__THE INPUT__:
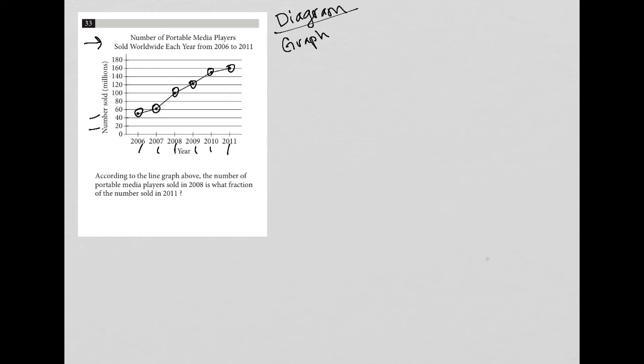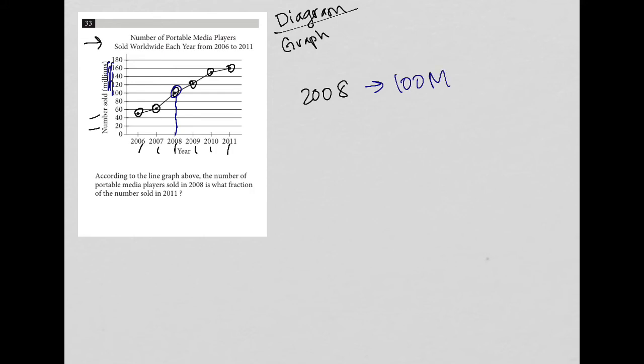All right, so the question actually says, according to the line graph above, the number of portable media players sold in 2008. Well, what is that? So 2008 looks like that's right on the line, that's 100. So there were, in fact, this is in millions. So 100 million, capital M, 100 million portable media players were sold in 2008.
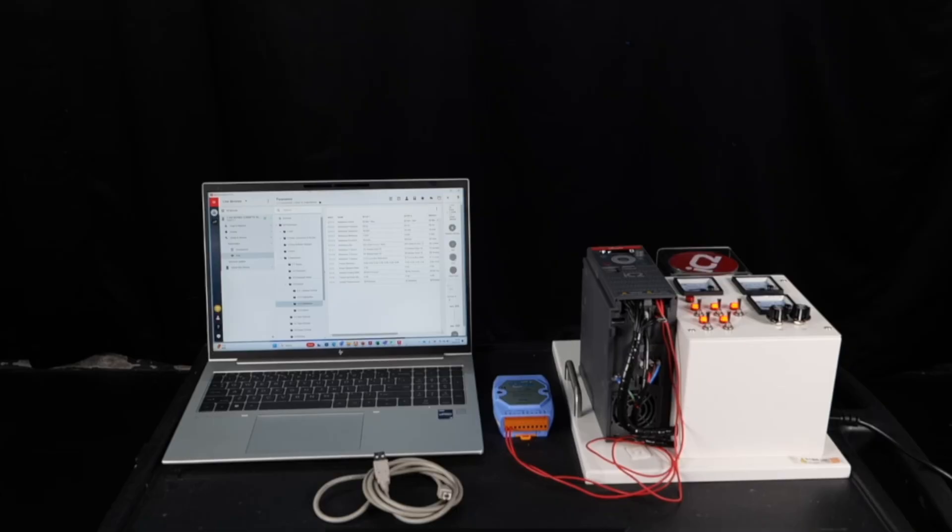Before connecting, prepare a computer, an RS-485 to USB conversion module, and an IC2 micro drive.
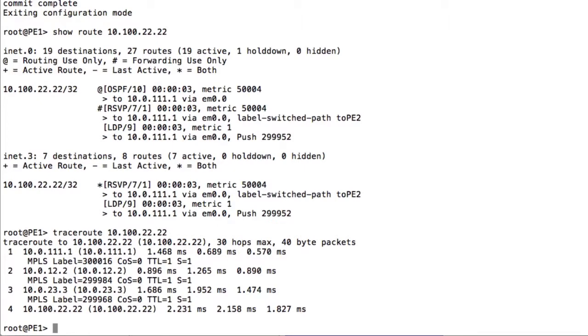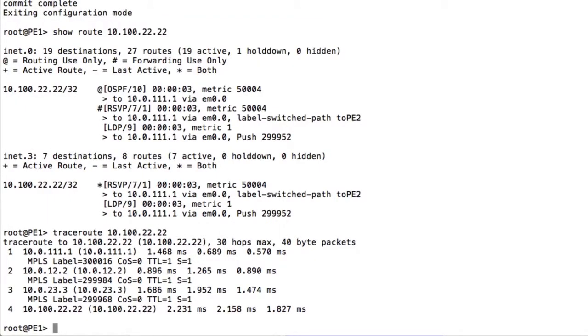When we enable traffic engineering MPLS forwarding — basically using that information to actually do the forwarding — this applies to traffic we're sending from the device itself. Without this command, it works for forwarded traffic (next hops learned via BGP), but by enabling it we tell the router to use MPLS information for forwarding traffic it generates itself. Now when we do a traceroute we can see it goes via router 1, router 2, and router 3, and we can see the TE labels at each hop.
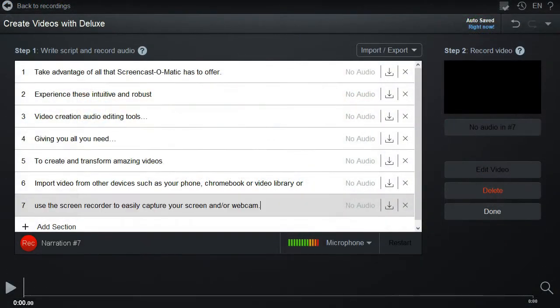Need to get more organized? Use the script tool to structure how you record your video and narration.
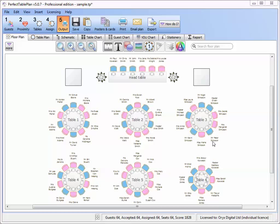Guests have a nasty habit of cancelling as soon as you've finished printing your paper seating chart. You can avoid this problem with the electronic seating chart added in Perfect Table Plan version 5, which allows you to display live seating data on a VDU or plasma screen at the venue.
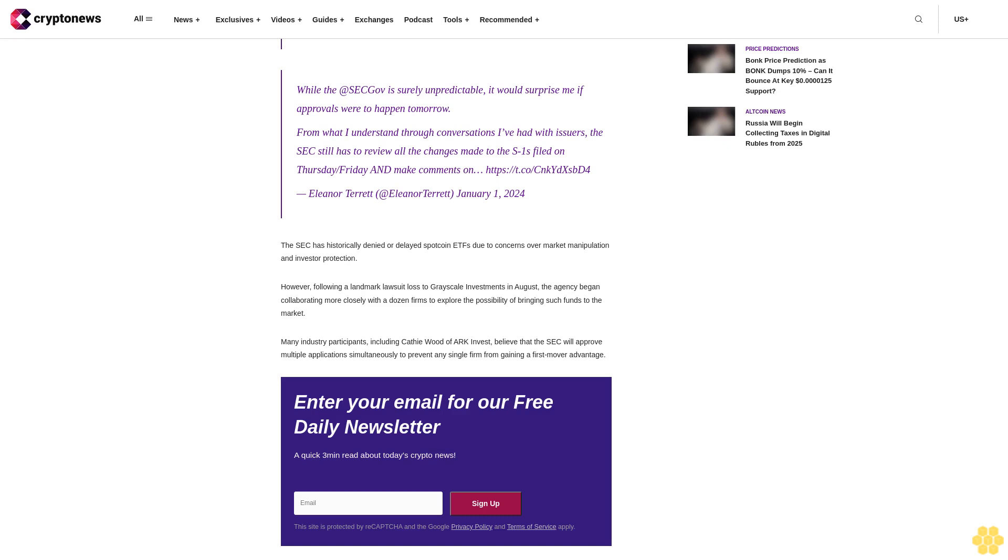The SEC has historically denied or delayed spot coin ETFs due to concerns over market manipulation and investor protection. However, following a landmark lawsuit lost to Grayscale Investments in August, the agency began collaborating more closely with a dozen firms to explore the possibility of bringing such funds to the market.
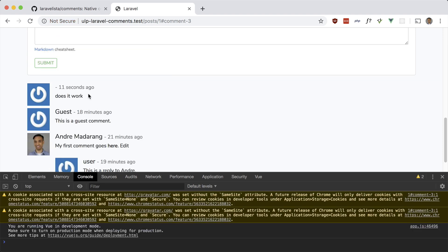Great package if you want to add comments to your site. It's very configurable, and as you can see you can even make a Vue component out of it if you wanted to.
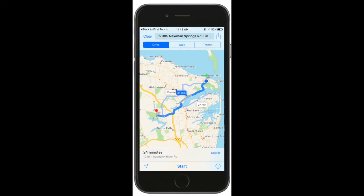Tap the action icon to see directions to your destination. With the First Touch Sorority app, your chapter members never get lost again.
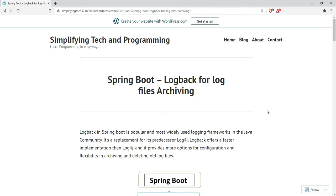Hi guys, welcome to Simplifying Tech and Programming. Today we're going to check out Spring Boot log back for log file archiving.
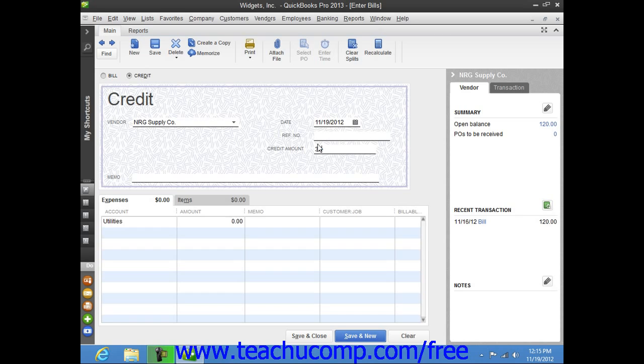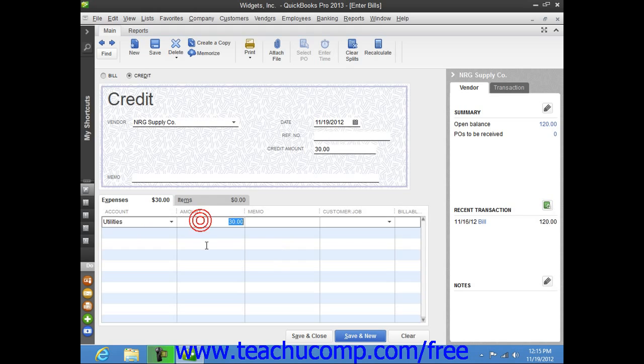Next, select the accounts that the credit will affect on the Expenses or Items tab at the bottom of the window. Then click the Save and Close button to save the credit for later use when you go to pay the next bill that you receive from that vendor through the Pay Bills window.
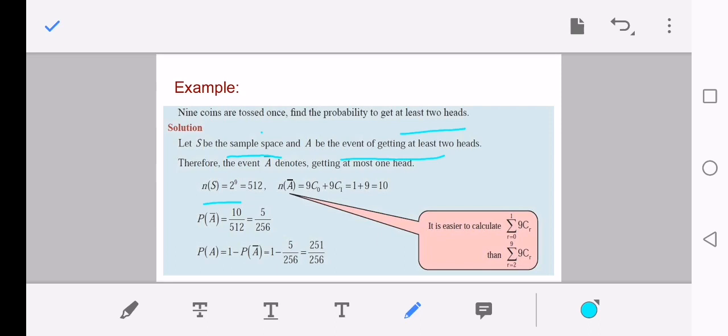Now n(Ā): let A-bar be the event of getting at most one head — meaning no heads or exactly one head. That gives us 9C0 plus 9C1. 9C0 equals 1 and 9C1 equals 9, so 1 + 9 = 10. Therefore probability of A-bar equals 10 divided by 512, which simplifies to 5/256. Then probability of A equals one minus probability of A-bar, giving 251/256.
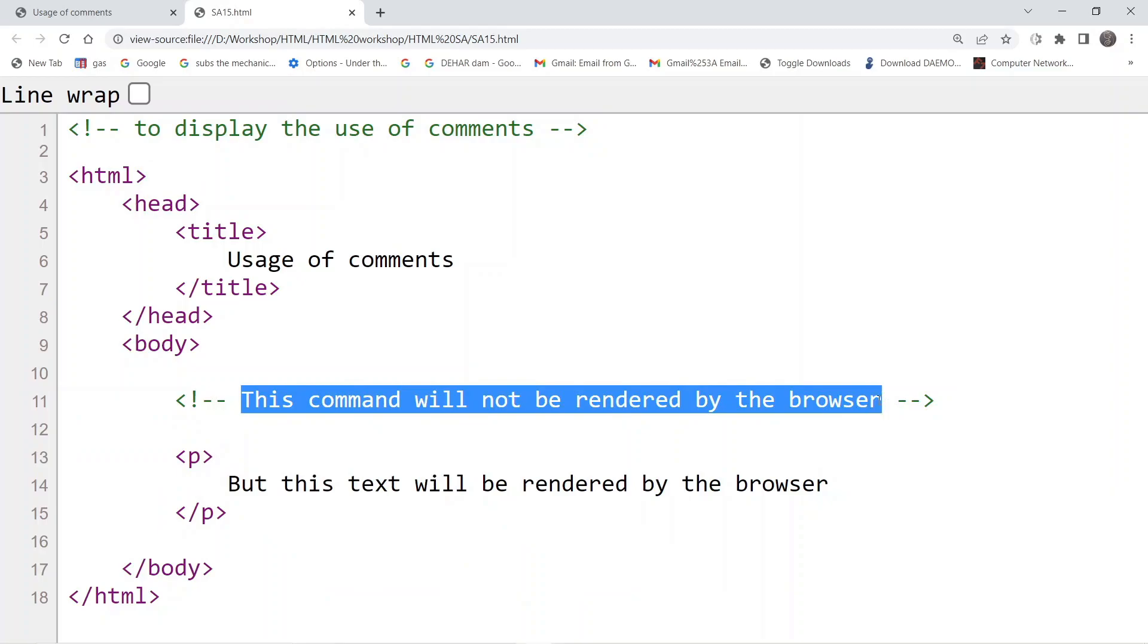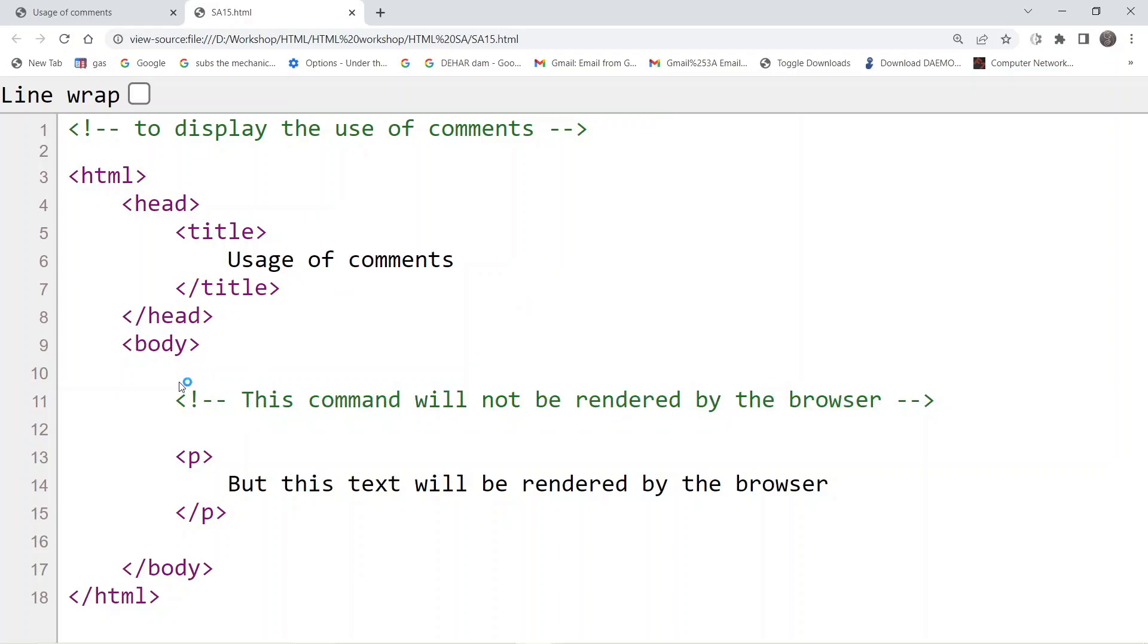This is because it is automatically understood by the web browser that comments are basically for documentation of the content present inside the document, which is supposed to be used by developers and is not supposed to be displayed on the web page.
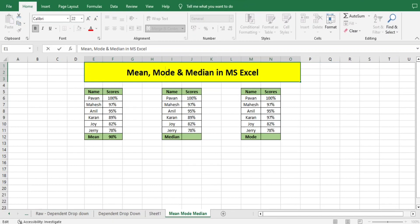So welcome back. Today we will learn about mean, mode, and median in MS Excel. It's very easy—we've learned all those things in our 10th class or maybe lower.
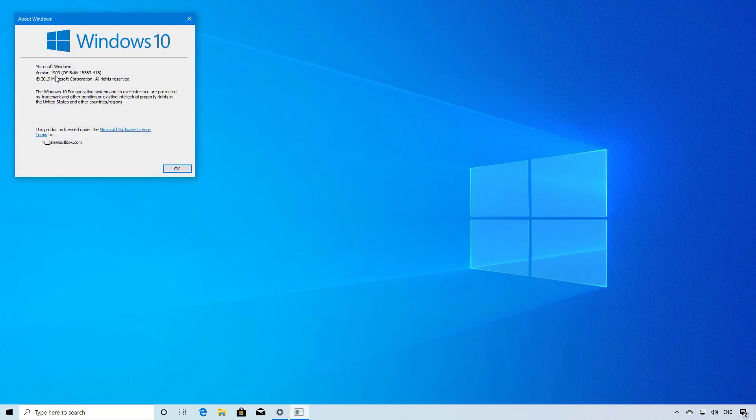And right here at the top, you can see that version 1909 is installed on your computer, which means that you are running the November 2019 update.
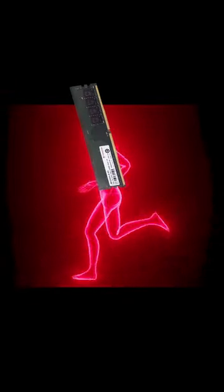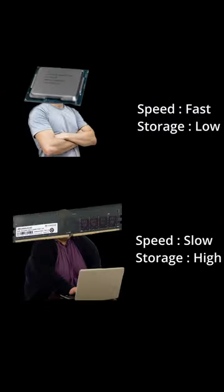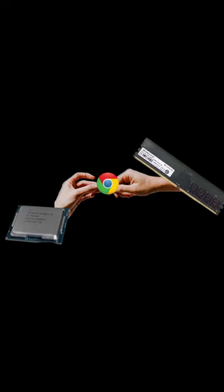The same thing happens with the processor and the main memory. The processor can access the cache memory much faster than the main memory, which is usually larger but slower. But if the data or instructions that the processor needs are not in the cache memory, it has to go to the main memory, which slows down the performance.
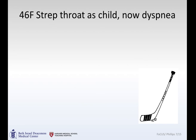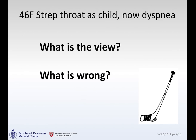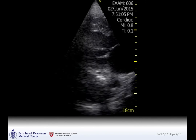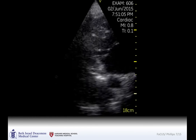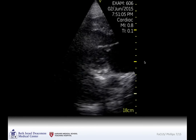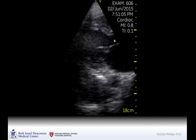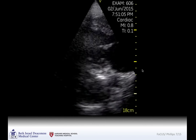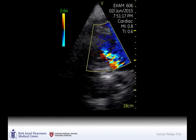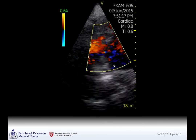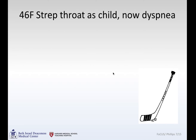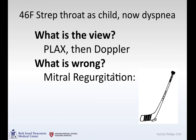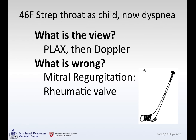A 46-year-old woman with a history of strep throat as a child now presenting with dyspnea. Parasternal long axis view: left atrium, left ventricle — the aortic valve is off the screen. Here's the mitral valve opening; the mitral valve doesn't look totally normal. With a little color Doppler added on top, during systole you can see a regurgitation jet back into the left atrium. Parasternal long axis with Doppler: mitral regurgitation. The mitral valve has a hockey-stick appearance, consistent with rheumatic changes — so rheumatic MR.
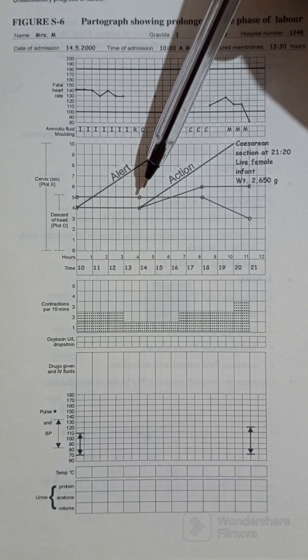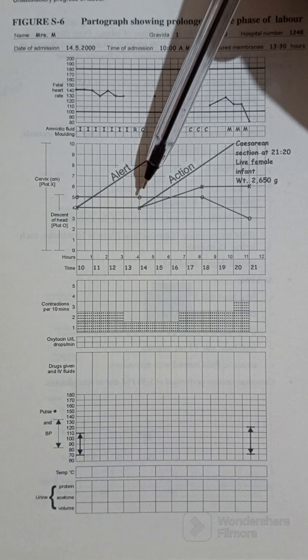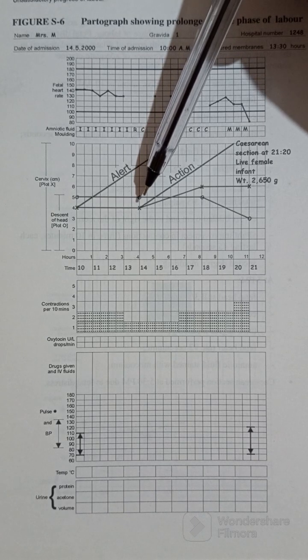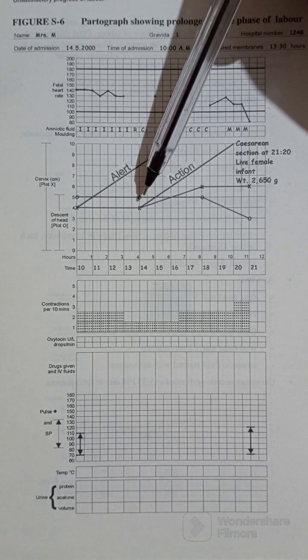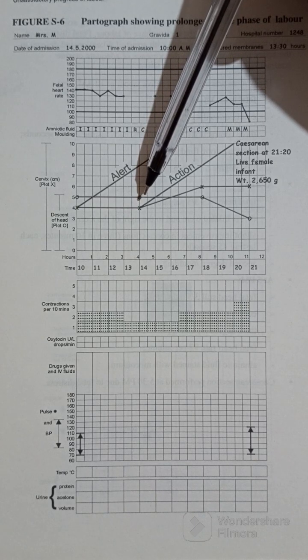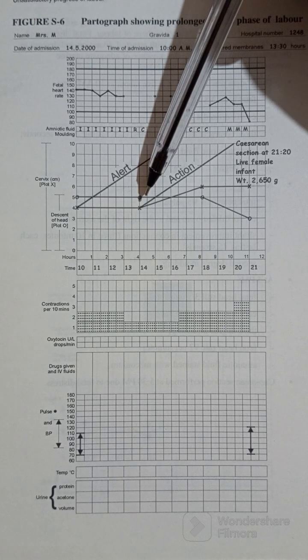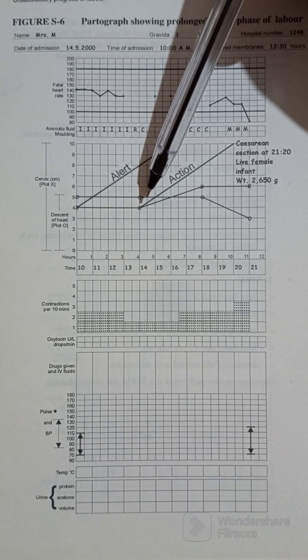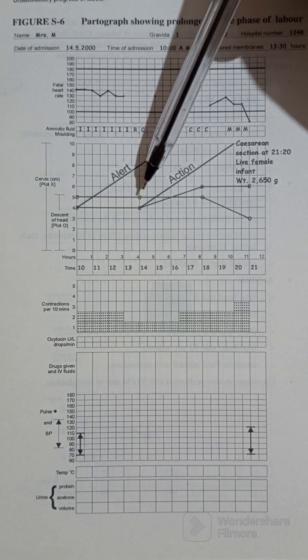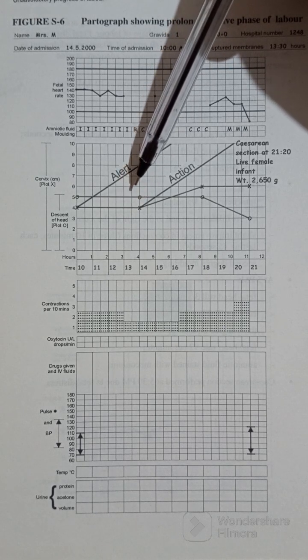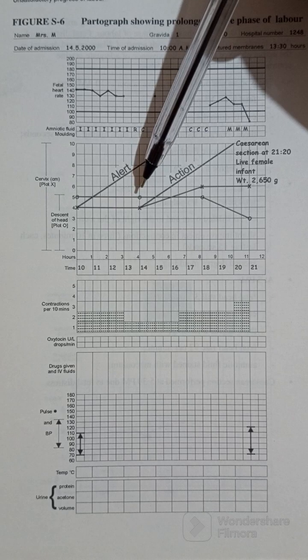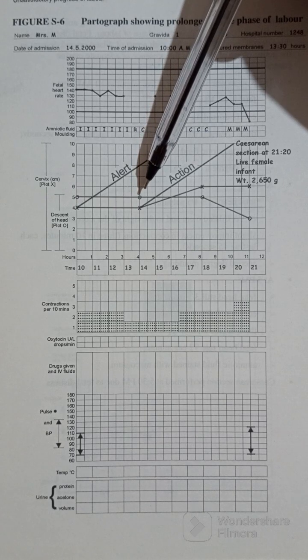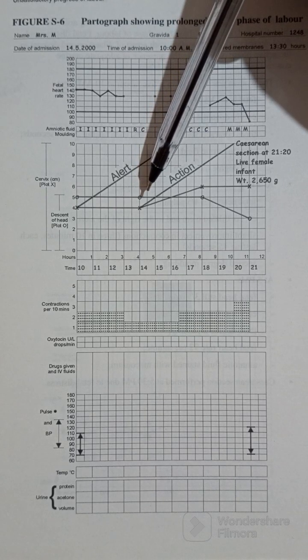And the cervical dilation was at four centimeters. There was no change, it was constant. Fetal descent was still at five over five as well.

__DIRECTIONS__:
Write out the material above without changing a word, and skip any picture.

__OUTPUT OF THE EXERCISE__:
All right, so the question actually says, according to the line graph above, the number of portable media players sold in 2008. Well, what is that? So 2008 looks like that's right on the line, that's 100. So there were, in fact, this is in millions. So 100 million, capital M, 100 million portable media players were sold in 2008.
Before connecting, prepare a computer, an RS-485 to USB conversion module, and an IC2 micro drive.
When we enable traffic engineering MPLS forwarding — basically using that information to actually do the forwarding — this applies to traffic we're sending from the device itself. Without this command, it works for forwarded traffic (next hops learned via BGP), but by enabling it we tell the router to use MPLS information for forwarding traffic it generates itself. Now when we do a traceroute we can see it goes via router 1, router 2, and router 3, and we can see the TE labels at each hop.
Need to get more organized? Use the script tool to structure how you record your video and narration.
Guests have a nasty habit of cancelling as soon as you've finished printing your paper seating chart. You can avoid this problem with the electronic seating chart added in Perfect Table Plan version 5, which allows you to display live seating data on a VDU or plasma screen at the venue.
The SEC has historically denied or delayed spot coin ETFs due to concerns over market manipulation and investor protection. However, following a landmark lawsuit lost to Grayscale Investments in August, the agency began collaborating more closely with a dozen firms to explore the possibility of bringing such funds to the market.
Great package if you want to add comments to your site. It's very configurable, and as you can see you can even make a Vue component out of it if you wanted to.
Tap the action icon to see directions to your destination. With the First Touch Sorority app, your chapter members never get lost again.
Hi guys, welcome to Simplifying Tech and Programming. Today we're going to check out Spring Boot log back for log file archiving.
Next, select the accounts that the credit will affect on the Expenses or Items tab at the bottom of the window. Then click the Save and Close button to save the credit for later use when you go to pay the next bill that you receive from that vendor through the Pay Bills window.
Now n(Ā): let A-bar be the event of getting at most one head — meaning no heads or exactly one head. That gives us 9C0 plus 9C1. 9C0 equals 1 and 9C1 equals 9, so 1 + 9 = 10. Therefore probability of A-bar equals 10 divided by 512, which simplifies to 5/256. Then probability of A equals one minus probability of A-bar, giving 251/256.
This is because it is automatically understood by the web browser that comments are basically for documentation of the content present inside the document, which is supposed to be used by developers and is not supposed to be displayed on the web page.
So welcome back. Today we will learn about mean, mode, and median in MS Excel. It's very easy—we've learned all those things in our 10th class or maybe lower.
And right here at the top, you can see that version 1909 is installed on your computer, which means that you are running the November 2019 update.
The same thing happens with the processor and the main memory. The processor can access the cache memory much faster than the main memory, which is usually larger but slower. But if the data or instructions that the processor needs are not in the cache memory, it has to go to the main memory, which slows down the performance.
A 46-year-old woman with a history of strep throat as a child now presenting with dyspnea. Parasternal long axis view: left atrium, left ventricle — the aortic valve is off the screen. Here's the mitral valve opening; the mitral valve doesn't look totally normal. With a little color Doppler added on top, during systole you can see a regurgitation jet back into the left atrium. Parasternal long axis with Doppler: mitral regurgitation. The mitral valve has a hockey-stick appearance, consistent with rheumatic changes — so rheumatic MR.
And the cervical dilation was at four centimeters. There was no change, it was constant. Fetal descent was still at five over five as well.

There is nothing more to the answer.